Ricordi mondiali: “Gareggiare con tutte le atlete d’élite, le vedi saltare tutte una dietro l’altra… ok, la gara a livello tecnico non è stata di livello elevato, però l’anno scorso le vedevo in tv e ora questo lo vedo dal vivo e lo vivo sul momento. Ha ripagato di tante cose. Sento l’esperienza e la gara in sé e per sé“.
Responsabilità vista l’eredità di una scia di grandi del salto in alto azzurro: “No, non la sento. Sono contenta. Finché va così mi godo il momento: è una disciplina molto tecnica e piena di alti e bassi, spero continui la mia crescita. Quest’anno all’aperto è una stagione intensa e vorrei fare di più, infatti ho cambiato rincorsa per provare a salire di più visto che con quella vecchia mi fermavo lì. Sono contenta e onorata, perché vivo d’atletica, e far bene quello che faccio è la fase più importante per me. Vedremo se continuerà, speriamo poi anche che Elena Vallortigara torni ad allenarsi il prima possibile, per me è un idolo. Per potermela giocare con lei e le altre“.
Sul cambiamento tecnico: “Ho provato ora questa nuova rincorsa, provandola in allenamento stavo peggio e non riuscivo a prendere gli stacchi, a correrci. Odio i cambiamenti, prenderei la rincorsa degli anni scorsi che fin dal primo momento in cui l’ho provata mi sono trovata da Dio. Ovviamente però è una rincorsa che mi limita e me ne rendo conto. Il mio problema è che gli anni bui il problema è stato di non avere una preparazione fisica adatta e facevo un salto in lungo invece che un salto in alto, non reggevo le velocità e il ritmo della rincorsa necessari per fare certe misure. E non avevo freschezza mentale“.
Piani futuri: “Per ora non ho date certe. In Italia l’8 giugno, gara organizzata dalla mia società a Lucca. Poi vediamo se fare qualche meeting all’estero nel frattempo. Spero di poter fare io gli Europei a squadre a fine giugno a Madrid, ma meeting in programma ancora non ne ho“.

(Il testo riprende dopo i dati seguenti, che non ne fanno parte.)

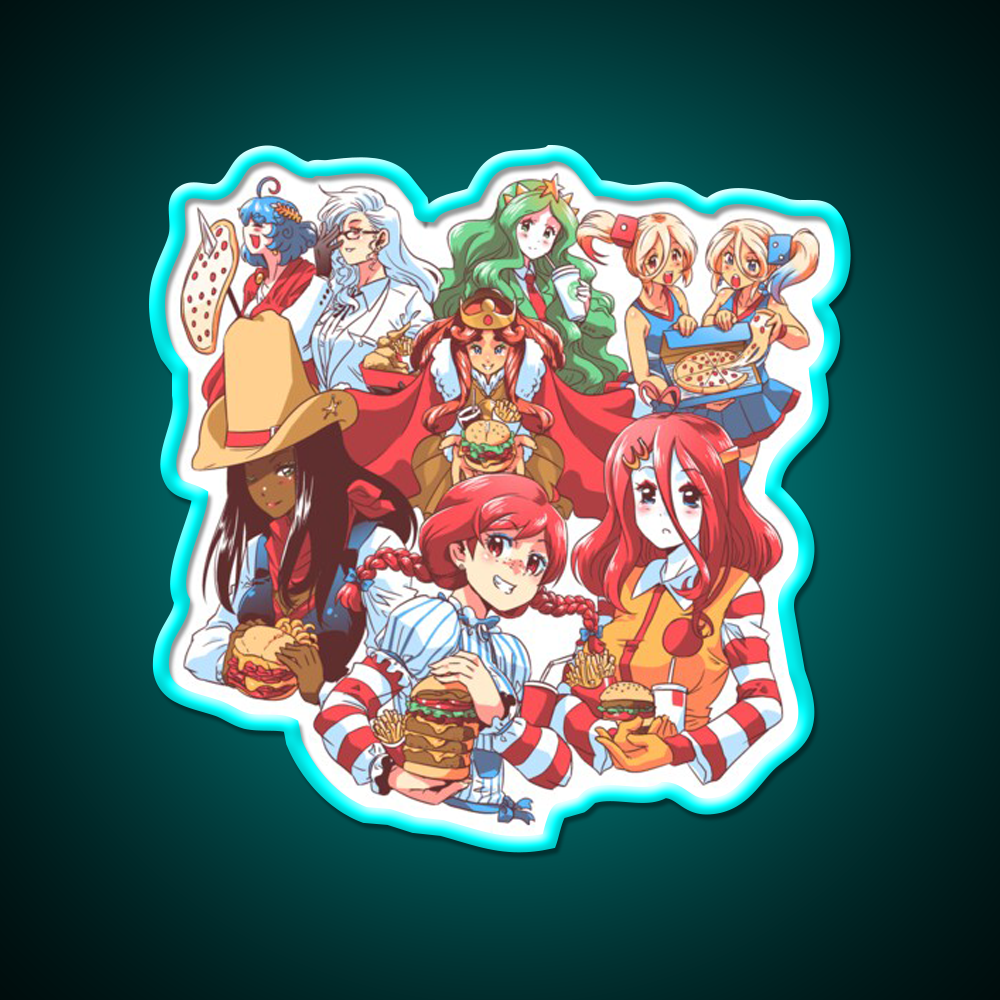 Fast Food Waifus Fast Food Led Neon Sign For Burger Place Rgb Color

Il ranking: “Sono diciottesima. Però migliorare un po’ non sarebbe male: più che altro devo fare 1.92 per il minimo FIDAL“. E l’obiettivo per Tokyo: “La finale. Sarebbe già un lusso, le misure non saranno elevate. Anche l’anno scorso per la finale alle Olimpiadi ci voleva 1.92. Mi auguro quello e basta, e anche che tutta la stagione vada con stabilità senza avere tracolli“.